Anna passou pela porta e eu olhei para baixo, esperando a próxima fala de Augusto.

— Você me enganou — ele disse.

— Sim.

— Quando estava aqui na escola, você me rejeitou no começo, me fez correr atrás de você. E o tempo todo era um plano. Você me fez amar você.

— Eu sei, eu sei e isso é horrível, Augusto. Mas as coisas não aconteceram como eu planejei. Eu não sabia que iria me apaixonar por você.

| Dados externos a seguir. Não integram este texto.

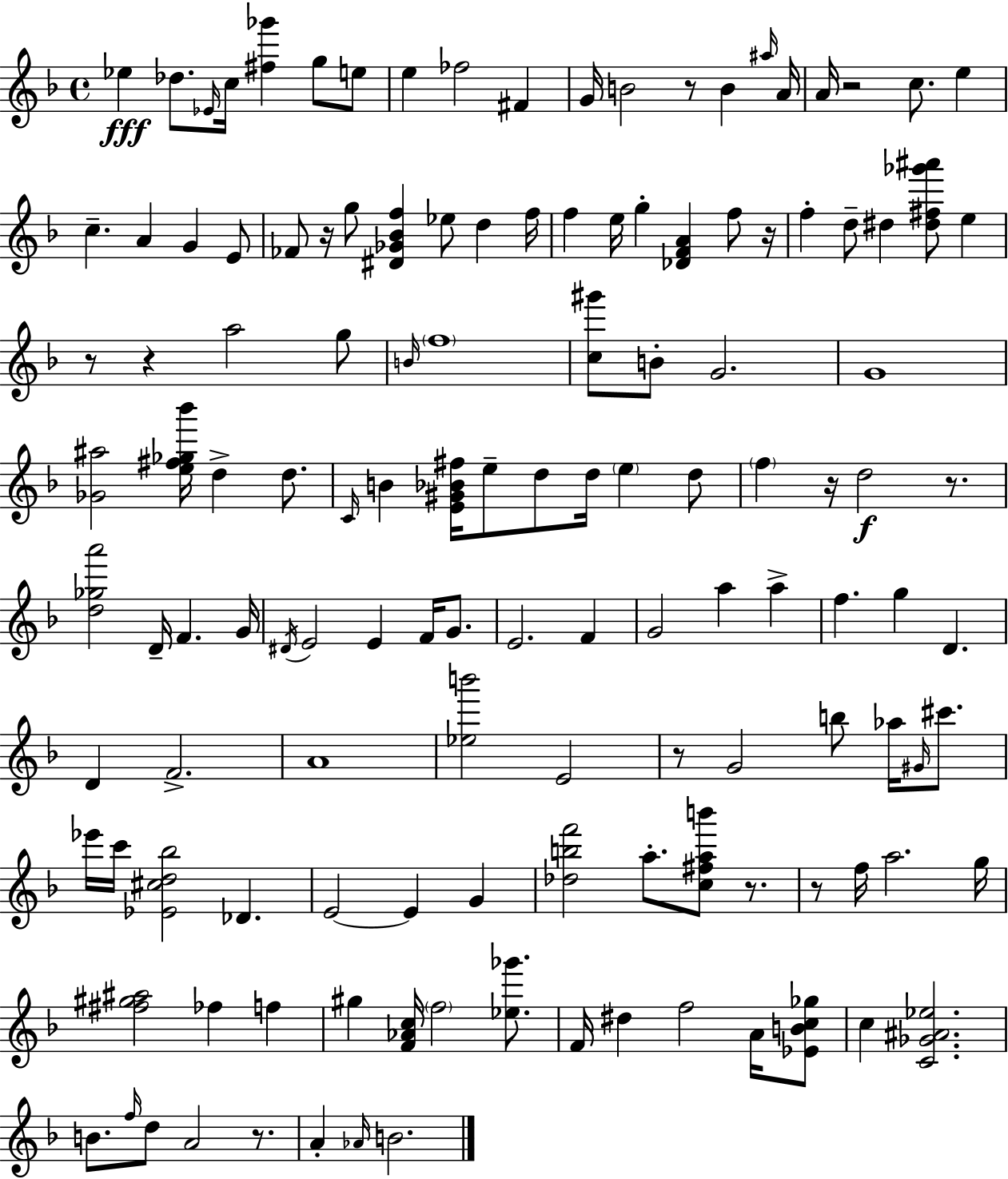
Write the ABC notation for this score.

X:1
T:Untitled
M:4/4
L:1/4
K:Dm
_e _d/2 _E/4 c/4 [^f_g'] g/2 e/2 e _f2 ^F G/4 B2 z/2 B ^a/4 A/4 A/4 z2 c/2 e c A G E/2 _F/2 z/4 g/2 [^D_G_Bf] _e/2 d f/4 f e/4 g [_DFA] f/2 z/4 f d/2 ^d [^d^f_g'^a']/2 e z/2 z a2 g/2 B/4 f4 [c^g']/2 B/2 G2 G4 [_G^a]2 [e^f_g_b']/4 d d/2 C/4 B [E^G_B^f]/4 e/2 d/2 d/4 e d/2 f z/4 d2 z/2 [d_ga']2 D/4 F G/4 ^D/4 E2 E F/4 G/2 E2 F G2 a a f g D D F2 A4 [_eb']2 E2 z/2 G2 b/2 _a/4 ^G/4 ^c'/2 _e'/4 c'/4 [_E^cd_b]2 _D E2 E G [_dbf']2 a/2 [c^fab']/2 z/2 z/2 f/4 a2 g/4 [^f^g^a]2 _f f ^g [F_Ac]/4 f2 [_e_g']/2 F/4 ^d f2 A/4 [_EBc_g]/2 c [C_G^A_e]2 B/2 f/4 d/2 A2 z/2 A _A/4 B2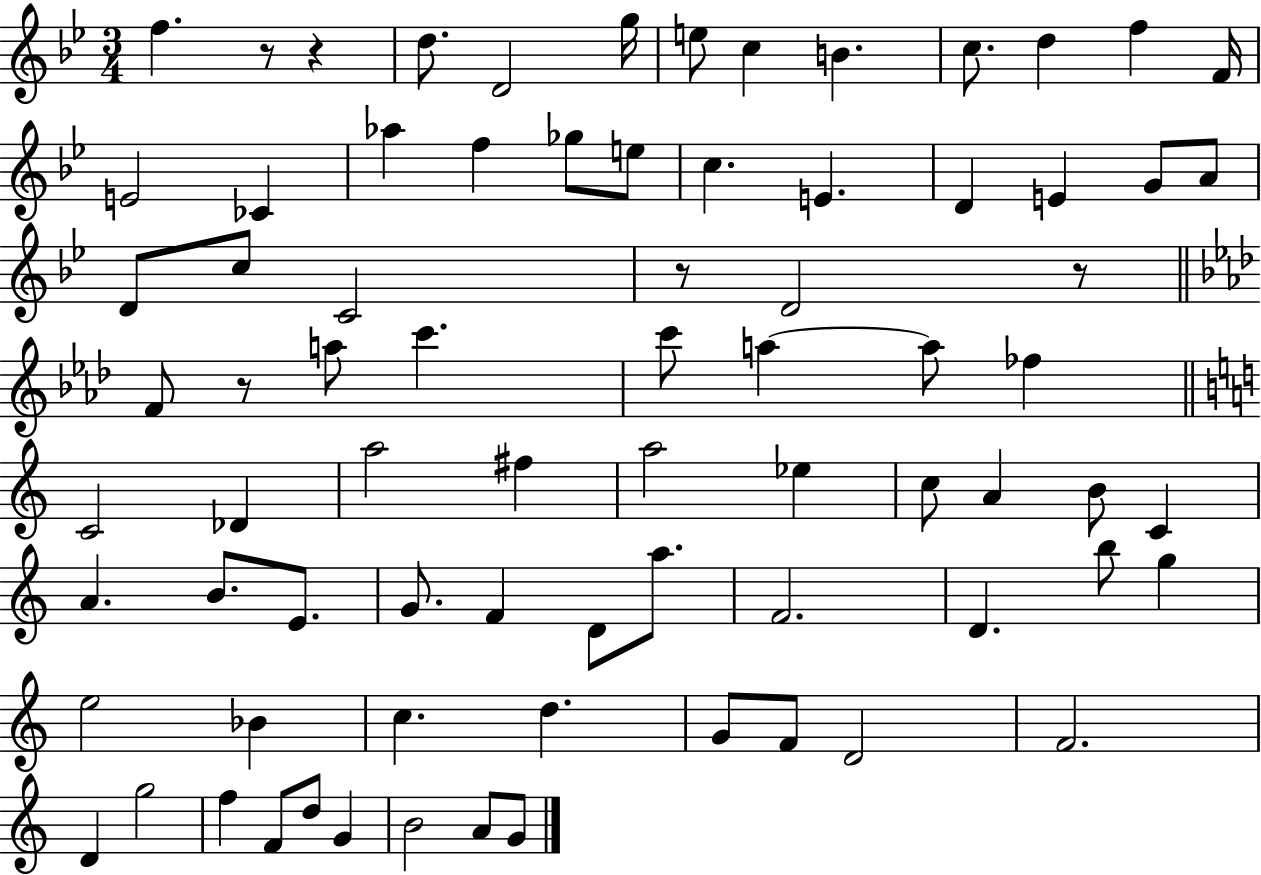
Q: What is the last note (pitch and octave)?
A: G4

— É muito conveniente para você dizer isso agora, não é? Para me enganar de novo.

— Não, no começo eu realmente queria fazer isso, não queria ter nenhum filho, mas isso foi antes de Anna nascer. Depois que ela nasceu... Não pode acreditar que vivi todos esses anos me vingando da minha filha. Você viu tudo, viu como sofri por ela em cada coisa que ela passou. Só você viu.

— Talvez quisesse me convencer.

— Se fosse isso, eu não iria apoiar sua decisão de tê-la como rainha. Mas eu decidi ir contra tudo que eu havia pregado até ali para ser leal a você, Augusto. Eu abri mão de tudo.

— Então por que fez isso com Anna?

— Porque eu sou uma idiota, porque eu estava assustada. Tomei uma decisão errada atrás da outra. Como Eduardo Campos.

— Você não o entregou porque queria se proteger.

— Também. Mas não só isso. É uma história longa e complexa, e eu quero te explicar tudo.

Ele parecia afoito. Deu passos pelo quarto.

— E quando casou comigo, ainda era o plano?

Suspirei.

— Era o plano, mas não era só o plano. Eu me apaixonei por você na escola, naquele dia no jardim. Você era tudo que uma garota poderia querer. Não por ser bonito e poderoso, mas por ser gentil, atencioso e fazia eu me sentir segura. No começo eu rejeitava você, porque pretendia desistir de tudo, não queria mais continuar com aquilo.

— E o que a fez voltar atrás?

— Você não sabe tudo que meu pai sofreu — falei com a voz embargada.

— Não. Mas eu sei tudo que minha filha sofreu por causa de pessoas com você. Eu a confiei a você, eu a deixei sob seus cuidados. E hoje descobri que nunca acreditou nela, que batia nela. E ela nunca me disse nada, provavelmente porque você proibia.

— Eu me arrependo do meu método, mas não ignoro os resultados que eles geraram.

— E você ainda tem coragem de dizer algo assim?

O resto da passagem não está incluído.